Thursday, October 14, 2010


Meet Me at the Happy Bar by Steve Langan 
(2009 Blaze VOX [books])

Reviewed by Liz Kay

Steve Langan’s obsessions are many: the body, as both an object of beauty and a decaying form, reappears in poem after poem; death and its compatriot, time, wander the pages; language, visual art, and music leave their marks. Still these are not the subjects of the Meet Me at the Happy Bar, merely landmarks that remind us where we are within its landscape. From the opening poem “Landscape with Pony” through repeated meditations on exile and home, the primary obsession is space itself, both literal and psychic. Leading us on a quest for that perfect confluence of time and place, that “Happy Bar” where we’re all two drinks in and completely at ease, Langan invites us into a world where he tries out every space he can imagine:

Landscape with promises.
Landscape with malcontents.
Landscape with syringes in a shoebox.


Landscape we’ve lived here so long clawing
after privilege you told me you would bring me
back to the sea before I die.

Still, none of these places ever really fit, and so the search is on through the beautiful and the mundane, the absurd, and the achingly normal, the ordinary dullness and the absolute rebelliousness of both life and love. In Langan’s hands, these moments feel recognizable. Ours is an age both overstimulated and seemingly lacking significance, and so we recognize ourselves in the speaker who is “already tired of this century. / Mothers, children, their forgetful children. // I can’t keep them all straight.”

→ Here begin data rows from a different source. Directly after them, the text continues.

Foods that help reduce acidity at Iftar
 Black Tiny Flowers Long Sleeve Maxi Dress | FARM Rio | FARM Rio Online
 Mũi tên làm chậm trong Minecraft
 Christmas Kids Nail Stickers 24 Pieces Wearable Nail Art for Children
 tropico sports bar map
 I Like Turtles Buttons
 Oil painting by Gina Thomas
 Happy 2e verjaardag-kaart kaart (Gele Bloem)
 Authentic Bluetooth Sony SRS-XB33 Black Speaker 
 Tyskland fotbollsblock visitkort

Langan’s is a speaker admittedly in exile, though whether this is literal or psychic, self-imposed or otherwise seems always in flux. Admiration is juxtaposed with contempt, affection with disgust. Still, in his quietest, most fragile moments, he longs for the mother tongue, asking:

Will you hold me a while?
Until morning.


And speak only in English,
please, in plain flat
stupid midwestern.


So I cannot forget you.

Interestingly, it is in these moments, with these people who have not been forgotten, that our speaker seems most at ease. He is intent on preserving the characters of his memory, even those of whom he says:

Pay him no attention. He was the neighborhood
bully. Undocumented, suffering lapses,
certainly he’s come a long way,
but he’s still dangerous…

and this remembering is a dangerous exercise, as our speaker freely admits “It takes nerve, gumption and moxie / to remember all we’ve been through / and document it for the next generation.” There is great intimacy in this act of remembrance, and yet it is an intimacy that is portioned out with controlled detachment, as in the poem “Meditation on the Cabin (and Beyond)”:

You flash into my mind, dear one,
and are exalted then extinguished.


Safely tucked away, returned to exile.

All these forms of courage the mind enacts.

A wish followed by a denunciation.

This is a book with a great deal at stake, and yet there is a certain humor, too—a sense that our speaker recognizes the absurdity of the exercise, and a playfulness of language and musicality that enlivens the poems, offsetting their darker tendencies as in the poem “Where Is the Cigar I Left Burning” in which the speaker ruminates over his misplacement of:

                         …the journal
with the article I was reading
about the misconstruction
of deconstruction? The TP,
your famous IUD, the brochure
from the cemetery where we
can buy our plots now

For all his misanthropic quirks, or more likely because of them, Langan’s is a speaker we ultimately trust, a speaker we believe when he urges “Will you call me? You can count on me. / I will not omit triumph or disaster.” This use of the second person “you” is important. In poem after poem, we are directly addressed, invited to enter, confided in, and we trust what he has to say because, with the unparalleled intimacy of the stranger on the next barstool, this speaker hasn’t bothered to lie to us. We get the sense that we are both too important, and not important enough, to lead him to varnish the truth. Thus, our speaker’s admission of isolation is precisely what allows us to feel so connected to him when he says to us (and it really is to us, it feels):

Let’s make a wish, too, and let’s not cry
at all, not one tear, even though the darkness
has arrived, you remember light, don’t you,
and being moved to rapture by the singers,
their birdlike pronouncements in the final movement—

Langan’s is a voice both disconnected and discontented—searching, fully aware of the irony—for that which might connect and content. Who else could speak for us so fluently “in plain flat stupid Midwestern”?